Contract Farming Resource Centre

Small Farmers, Big Business: Contract Farming and Rural Development

Year 1990

Among the array of agribusiness activities, the one which entails the most direct and most complex relationships between large corporations and small farmers is contract farming (CF). In this system, a firm replaces or supplements company production of agricultural commodities with purchases from local farmers through contracts. The contracts specify several conditions of sale and obligate the firm to provide technical assistance, agro-chemicals and other services. The system is well established in developed countries, where it accounts for about 15% of agricultural output (Mighell, 1972): its use in developing countries is significant and increasing. The system is used by both domestic firms and transnational corporations.

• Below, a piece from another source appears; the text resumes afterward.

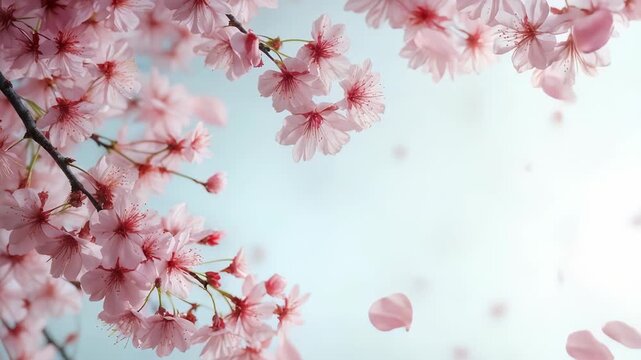 Ai generated video with a cherry tree's branches moving in the sky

This book attempts a comprehensive assessment of this particular form of agribusiness, examining its social impact in developed and developing countries. It draws on case studies from Canada, Latin America and Africa. It covers private schemes and public-private joint ventures, domestic and transnational firms and traditional and non-traditional commodities. Each case study focuses on the economic logic of the agribusiness-grower relationship, its social impact on the rural community and the ways in which farmers have responded. The studies demonstrate the diversity of experience associated with contract farming schemes, in the forms they take, the effects they have on local communities, and their long-term viability. The studies cover frozen vegetables in Guatemala, asparagus in Peru, McCain Foods in Canada, Mumias and KTDA in Kenya, and a collection of commodity sketches. The aim is to identify those elements which have produced viable schemes beneficial to local communities and to provide policy advice for firms, farmers' organizations, and governments.